でも、どうも納得がいきません。もちろんメーカーによって設計が違うのでその点の違いはあると思いますが、誰が吹いても定説通りの音になるとは考えにくいです。
実際、私の周りには今私を含めて5~6人ムラマツ使いがいるわけですが、決してみんなが一様に暗い大音量をしてはいません。
ムラマツをお使いのプロの人の演奏を聴いても、ものすごく明るい音をした人もたくさんいらっしゃいます。まあ、プロは頭部管を変えていらっしゃる人も多いからだという反論もあろうかと思いますが。
今年は今までにないくらいたくさんの、色々なメーカーの様々なモデルを試奏する機会があったわけですが、その中でこのよく見かける定説について自分なりに考えてみて一つの仮説に辿り着きました。名付けて『パレット理論』です。
あくまでアマチュアが個人的な考えで立てた仮説ですので、話半分くらいの気分で読んでくださいね。
フルートを、絵を描く時に使うパレットに喩えます。
パレットにはいろんな色の絵の具を乗せてあり、それらを混ぜて絵を描くのに使う色を作ります。
極端な話ですが、そこに暖色系の絵の具しか乗っていなかったら?当然描き上がる絵は暖色が多く使われた物に仕上がるでしょう。
フルートも、楽曲を構成するための音色を作るパレットだと考えると、誰が吹いても明るい音になるとされる楽器は、明るい音色が多く乗るように設計されているのではないかと思うのです。
もちろんどんな楽器も、どんな楽曲にも対応できるように全ての色が作れるように音色が乗せてある事でしょう。しかし、その色のバランスとか置き方とかで、どういった音色が作りやすいかというのがあるのではないかと。
微妙な中間色が最初からたくさん用意されている楽器もあるかもしれません。そういう楽器なら簡単に色々な色を使うことが出来るでしょう。でも、逆に混色するとどんな色が出来るか分かりづらいので、パレットにない色を作り出すのは難しいかもしれませんね。
特定の色が極端に多く乗せてある楽器もあるかもしれません。
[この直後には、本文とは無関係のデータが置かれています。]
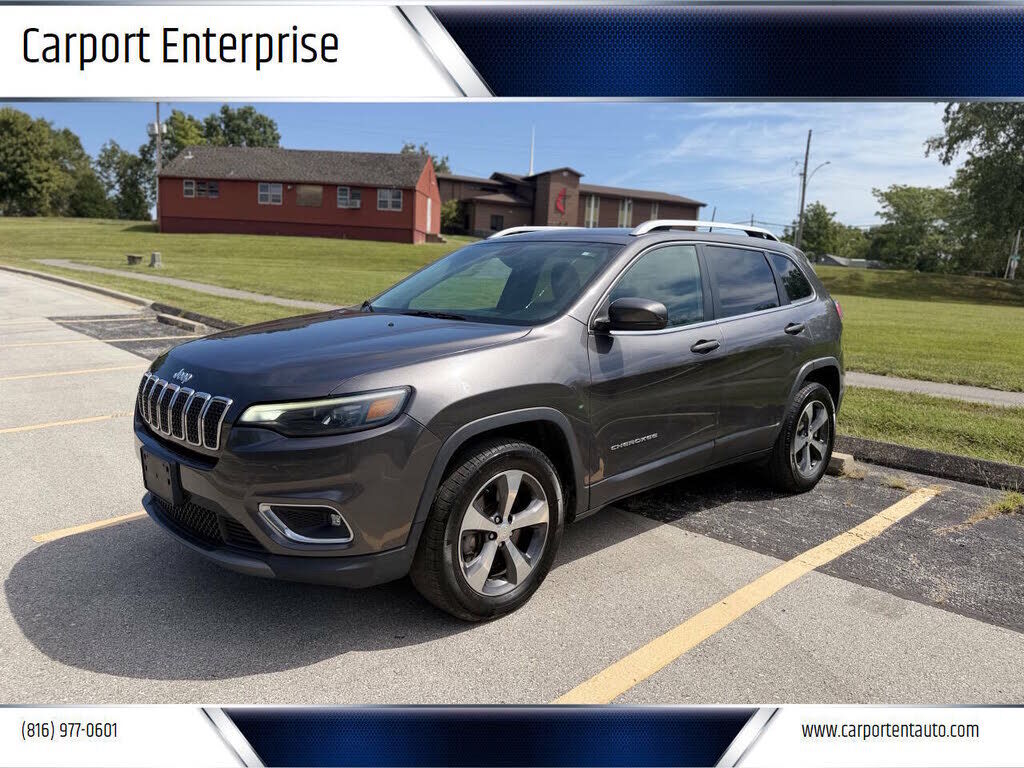 2019 JEEP Cherokee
そうすると、その傾向の色は簡単に作れますが、違う傾向の色を作る時にはパレットの上に大量に乗っているその色を避けて色を調整しないといけません。
元から乗っている色が全体的に淡い色合いの楽器もあるかもしれません。そういう楽器なら柔らかい色が作れることでしょう。しかし、濃い色は苦手かもしれません。
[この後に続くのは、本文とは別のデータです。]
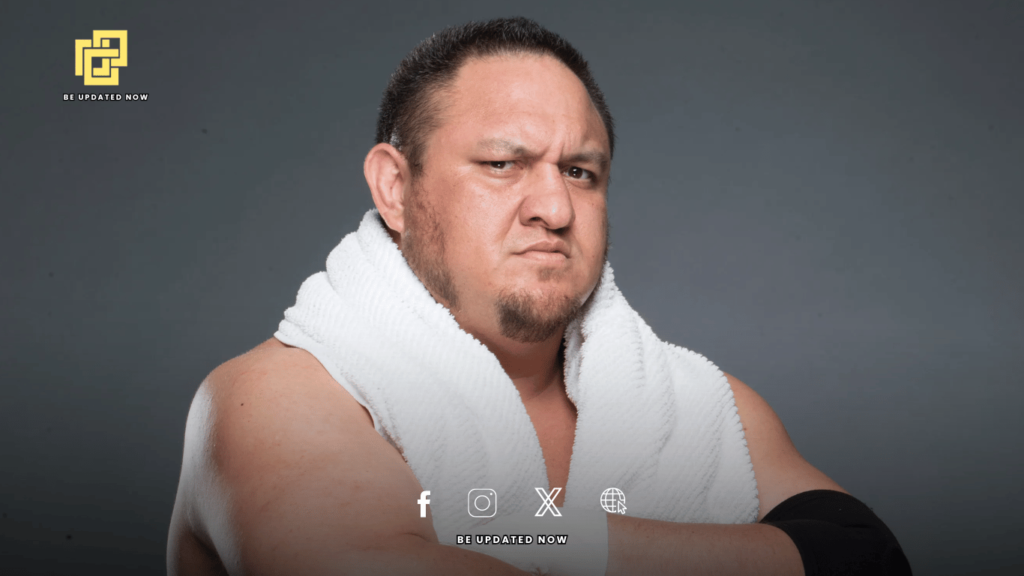 AEW Dynamite Result - Samoa Joe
全部ビビッドな色合いの楽器もあるかもしれません。それだと鮮明な色は得意でしょうが、繊細な色は作りづらいかもしれません。
私は、ムラマツはこの喩えの場合、三原色が、混ぜやすいように非常にバランス良く配置されているのではないかと考えています。
なので、何も考えずにパレットに筆を走らせると、全ての色がほぼ同量ずつ混ざって黒が出来上がる。つまり、ダークな音色になるということなのではないかと思うのです。
使い方がうまくないと無個性な黒しか作れないかもしれませんが、色のバランスが良すぎると考えると、ブレンドの仕方が理解できれば逆にどんな色でも作りやすい、とも言えるのではないでしょうか?
どんなパレットでも、どこにどの色が配置されているか把握して、その混ぜる量を思うとおりに調節できるなら、どんな色でも作れると考えるのがしっくりきます。
問題はそのパレットが使いやすいかどうか。それが、楽器が自分に合うかどうかという事なのではないかと思います。
この理論、実はまだ私の中で発展しているのですが、いい加減長くなったので今回はこの辺で。
また気が向けば続きを書くかもしれません。